§ **Work instruction**
Having located "собаки | шиба" in the listing below, write out its line and every following line exactly, last line included, without the pictures.

§ **Data extracts**
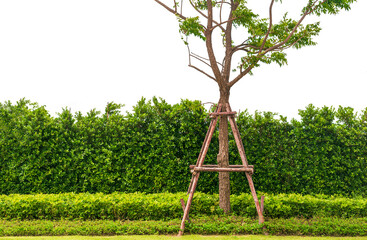 Bushes or walls of green plants and trees isolated on white background.
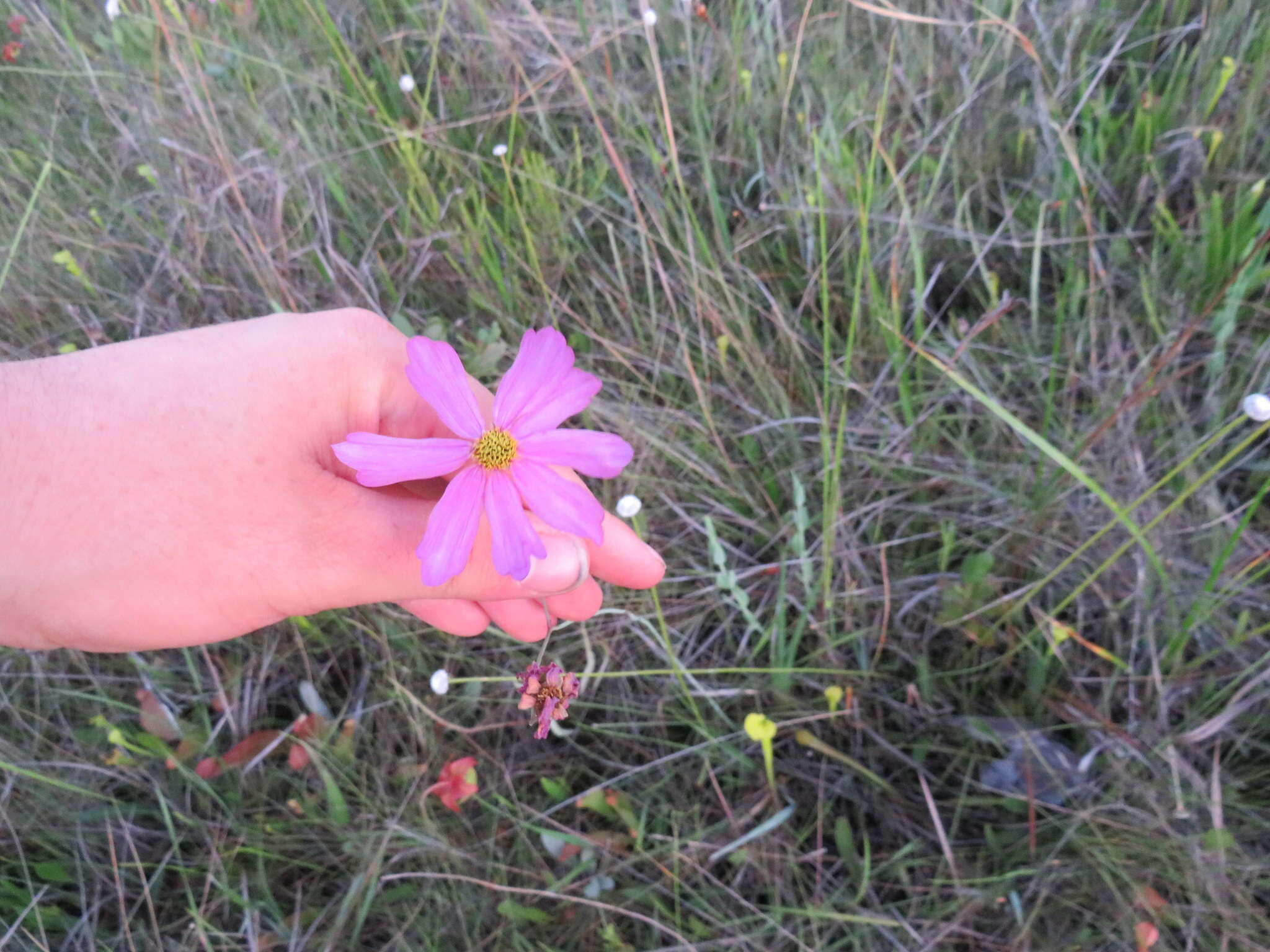 صورة Coreopsis nudata Nutt.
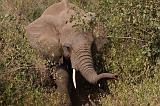 TANZANIA - Lake Manyara National Park - 05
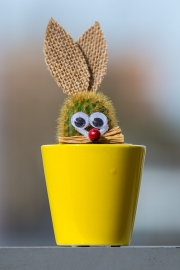 Woche-17-Ostern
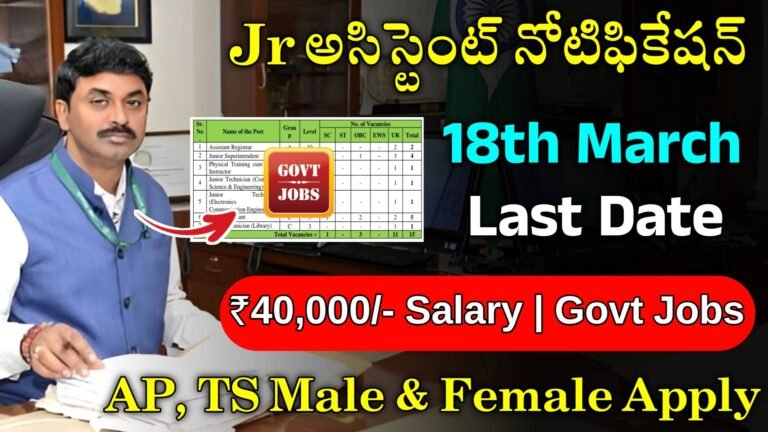 Junior Assistant Jobs 2024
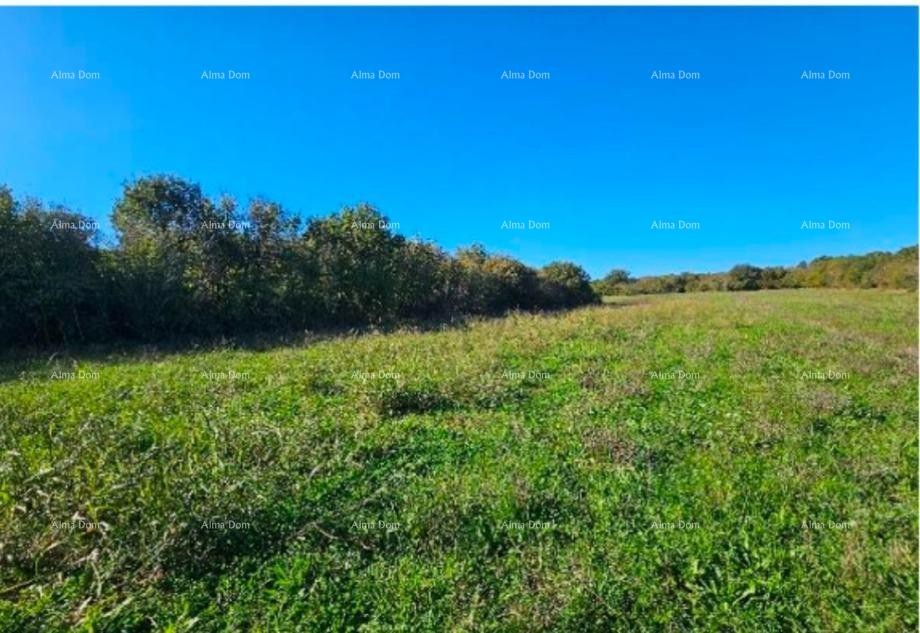 Эемля Marčana 3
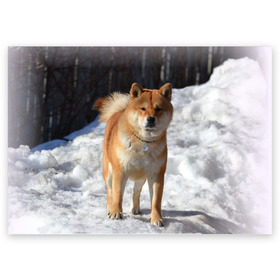 Поздравительная открытка с принтом Акита-ину в Санкт-Петербурге, 100% бумага | плотность бумаги 280 г/м2, матовая, на обратной стороне линовка и место для марки
 | акита | животное | животные | ину | овчарка | пес | песик | псы | сиба | собака | собаки | шиба
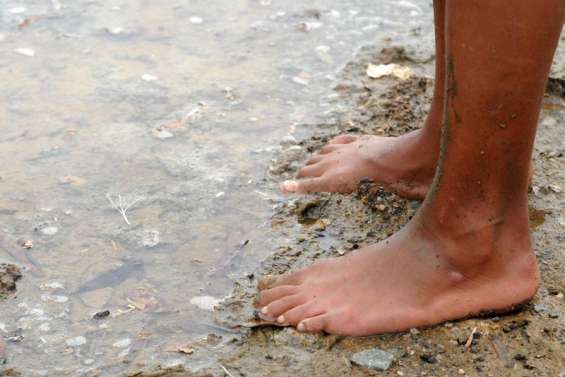 Alerte à la leptospirose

§ **Expected output**
 | акита | животное | животные | ину | овчарка | пес | песик | псы | сиба | собака | собаки | шиба
 Alerte à la leptospirose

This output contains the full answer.